Job also drew a colorful group of commenters from the UK who would try to politely let me know that our choice of nickname, Joby, was the colloquial word for “#2” in parts of the UK. I did pause at that particular caution, but quickly decided that since John, Randy, and Dick were well-used names over the years, one more name-with-a-potential-potty-mouth-meaning should not be a true deterrent.
It was the in-person reactions, though, that left me both amused and despairing at the same time. At first, I would tentatively mention our name ideas just to see a person’s face. Most of the time, Job was not on anyone’s radar. Not being Mason, Aiden, or Jacob, it would often take a moment for the person to process that a name like Job would even be considered. Seriously. By parents who seemingly loved their soon-to-be-born son. Eyebrows would raise, surprise would register on faces (followed by an attempt, unsuccessfully, to mask the reaction), and responses would be stuttered: “Oh, that’s…uh, that’s…well now, that’s a name you don’t hear every day.”
But to be honest, perhaps the only reaction that genuinely hurt was silence. It made me think of the old saying: “If you don’t have anything nice to say, don’t say anything at all.” The silence really got to me.
I admit that all of this early feedback tempted me toward the Mommy-blues. I began to second-guess the name we had settled upon, Job Marcellus. We loved our chosen middle name (Marcellus is a derivation of my husband’s deceased father’s name, Marcel). Everyone liked Marcellus. But, Job was our favorite. And, other than the two of us and our closest family members, we seemed to be alone in our admiration.
So, I went back to the drawing board on why we loved the name. The Bible’s story of Job’s faithfulness was what drew us in the first place. Here was a man whose faith never wavered, whether he had endless blessings and wealth or he was in a place of misery and loss (it should be noted, at the end of Job’s story, his possessions were greater than at the beginning). Here was a man whose name it would be an honor to bear—and whose faithfulness in believing God would be an amazing legacy. A boy bearing such a name would always have a great example to live by, in both the good and bad times. My husband and I talked it over at length, and finally decided that Job was, indeed, the name for our son. (For the record, as my husband’s opinion on the name never faltered, this deep conversation actually consisted of his listening as I went back and forth with myself.)

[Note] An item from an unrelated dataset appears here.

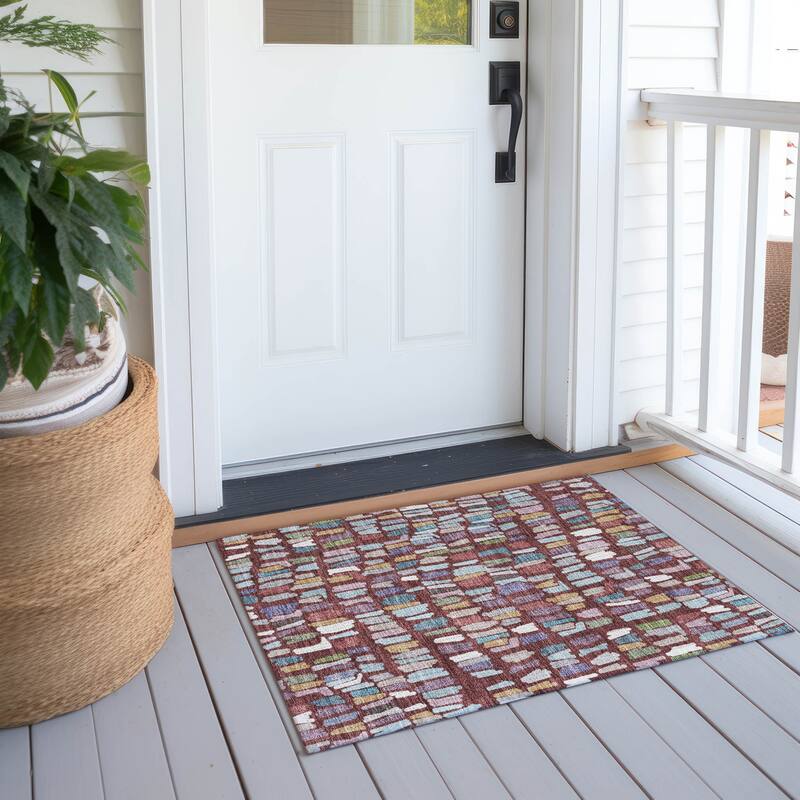 Machine Washable Indoor/ Outdoor Modern Mosaic Chantille Rug - Burgundy - 1'8" x 2'6"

We’ve had our little Joby for four months now, and I really can’t imagine his name being any different. Sure, his name is occasionally pronounced “job”—although people often self-correct before we even say anything, as most are bright enough to realize we probably did not name our child a synonym for vocation. And, yes, we still get an occasional raised eyebrow, implying that if we really knew the story behind the name, we wouldn’t have chosen it. Worst of all—yes, we do sometimes still get that silence. But, I am happy to report that after consideration, many people end up liking the name. And at the end of the day, Job is no stranger than naming a child, say, Noah.
I’m not going to say that I don’t sometimes wish that people would hear his name and exclaim about how cute it is, how much they love it, how they wanted to use that name for their kid, and so on. But, if that were happening all the time, I probably wouldn’t like it as much. We wanted a name that stood out. A name that was strong, but not common. A name with a deep meaning.
Job it is.
Note: That’s Job in the illustration.